Task: The answer must be an exact copy of the lines from the one containing "Anime Jucător de" through the last line of the records, with the pictures left out.

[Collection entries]
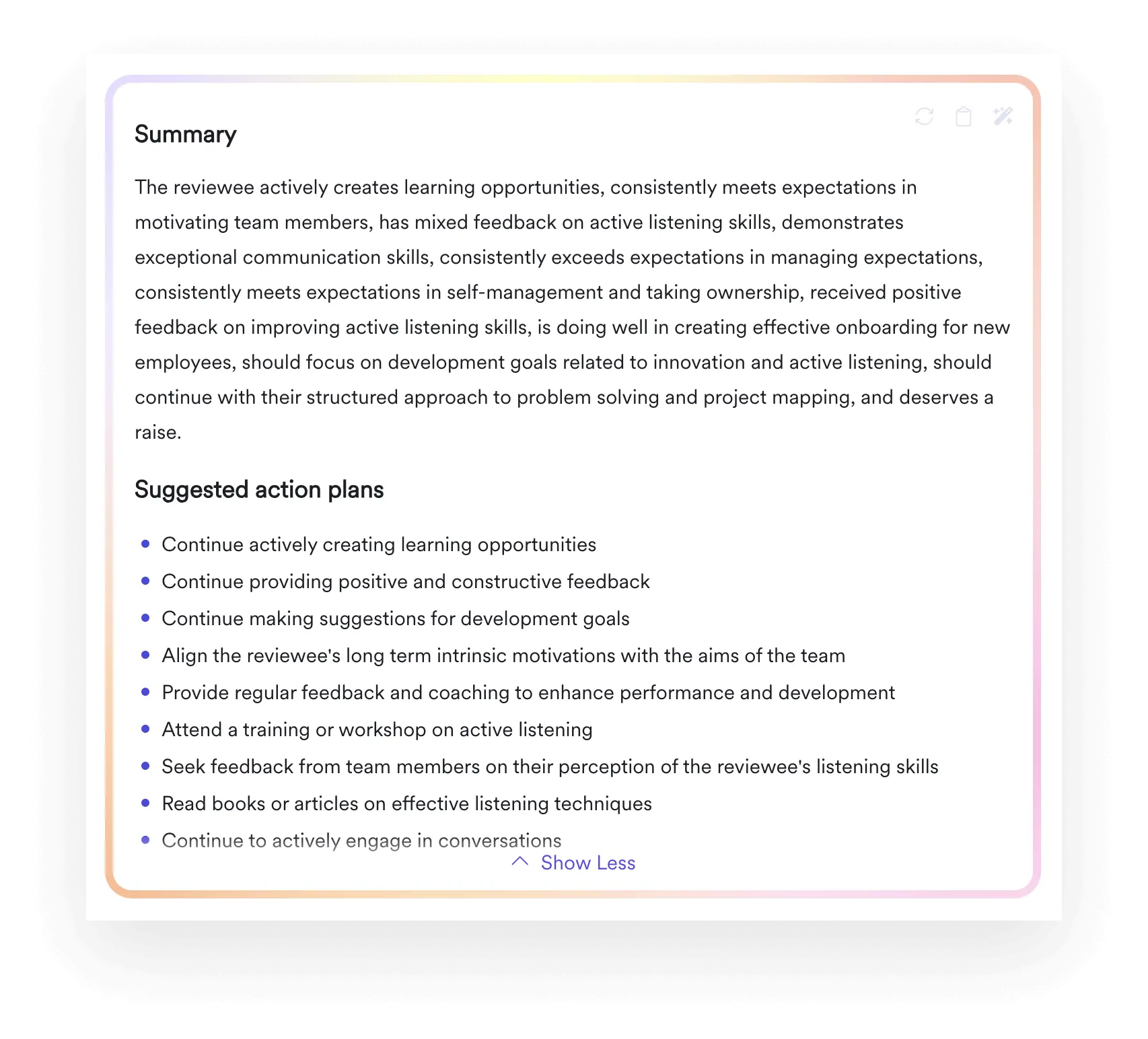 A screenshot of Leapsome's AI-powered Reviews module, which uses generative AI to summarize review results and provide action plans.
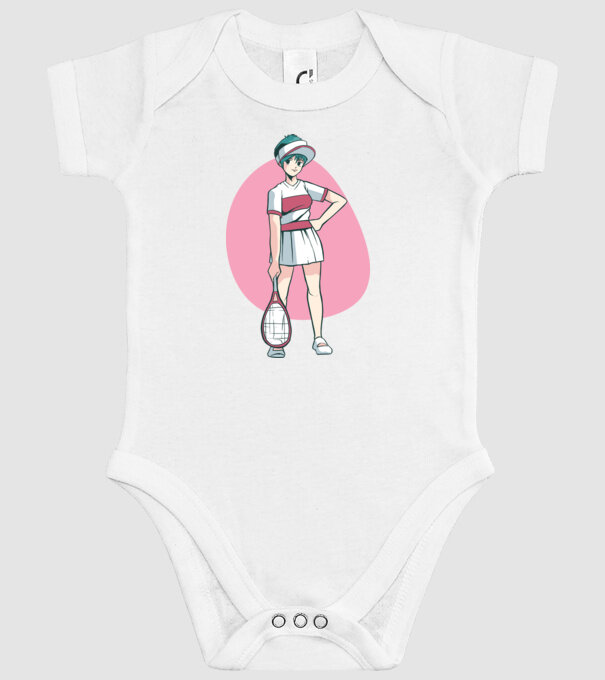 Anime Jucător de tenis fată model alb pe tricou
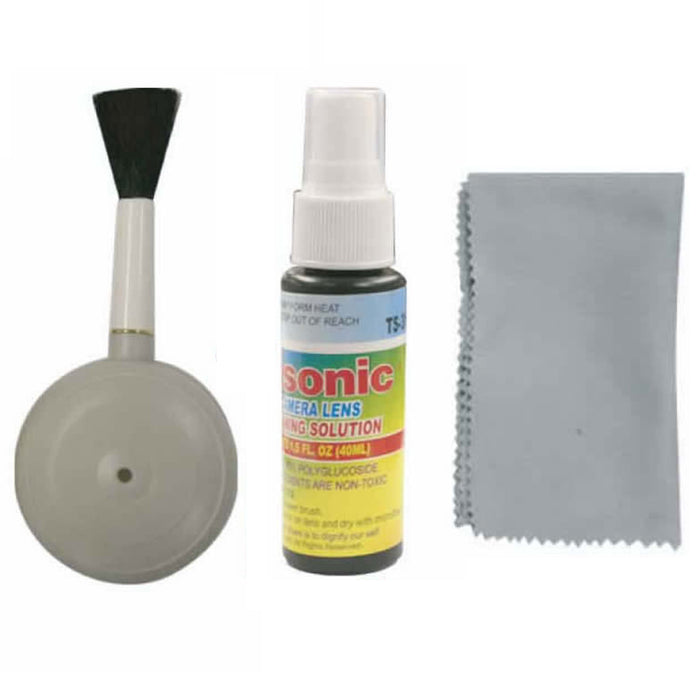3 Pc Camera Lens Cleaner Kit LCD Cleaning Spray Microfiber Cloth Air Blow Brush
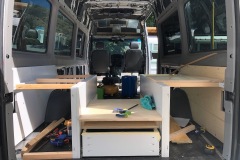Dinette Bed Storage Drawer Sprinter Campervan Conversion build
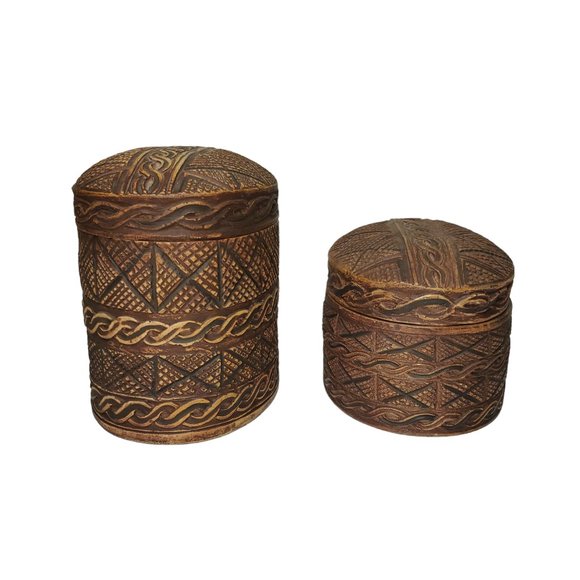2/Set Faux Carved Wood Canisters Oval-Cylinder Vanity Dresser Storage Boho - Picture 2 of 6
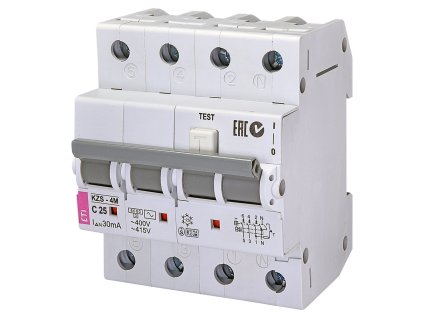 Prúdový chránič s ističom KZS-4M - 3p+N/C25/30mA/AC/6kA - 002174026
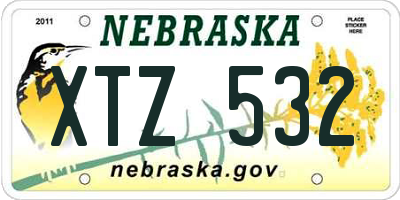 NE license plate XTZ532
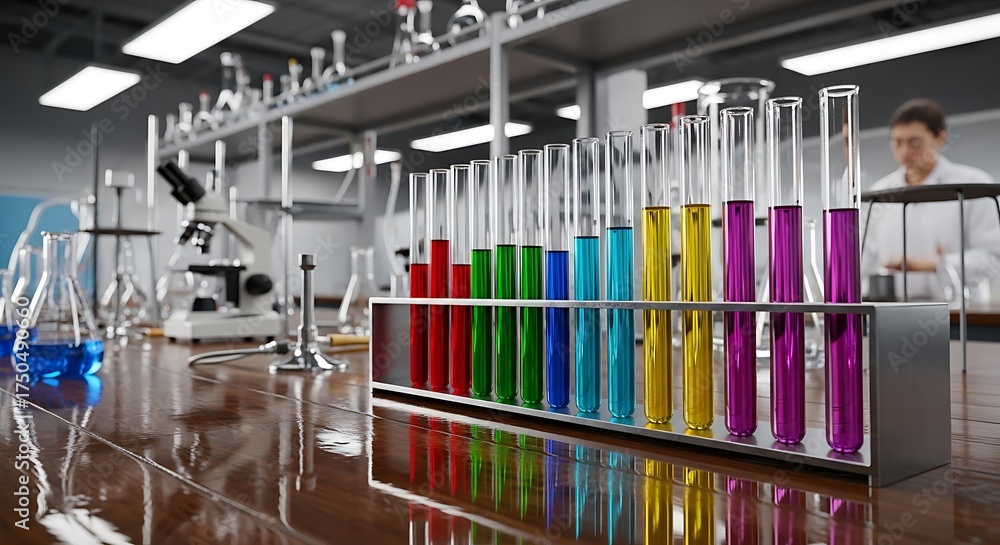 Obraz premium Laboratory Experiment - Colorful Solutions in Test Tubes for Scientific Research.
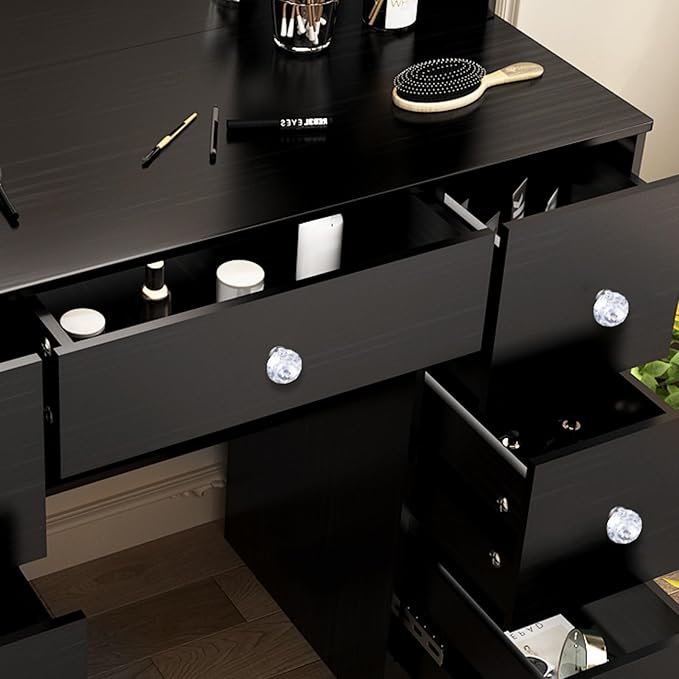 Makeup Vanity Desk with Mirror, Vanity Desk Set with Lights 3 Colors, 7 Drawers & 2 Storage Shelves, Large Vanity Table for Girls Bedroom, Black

Response area:
 Anime Jucător de tenis fată model alb pe tricou
3 Pc Camera Lens Cleaner Kit LCD Cleaning Spray Microfiber Cloth Air Blow Brush
Dinette Bed Storage Drawer Sprinter Campervan Conversion build
2/Set Faux Carved Wood Canisters Oval-Cylinder Vanity Dresser Storage Boho - Picture 2 of 6
 Prúdový chránič s ističom KZS-4M - 3p+N/C25/30mA/AC/6kA - 002174026
 NE license plate XTZ532
 Obraz premium Laboratory Experiment - Colorful Solutions in Test Tubes for Scientific Research.
 Makeup Vanity Desk with Mirror, Vanity Desk Set with Lights 3 Colors, 7 Drawers & 2 Storage Shelves, Large Vanity Table for Girls Bedroom, Black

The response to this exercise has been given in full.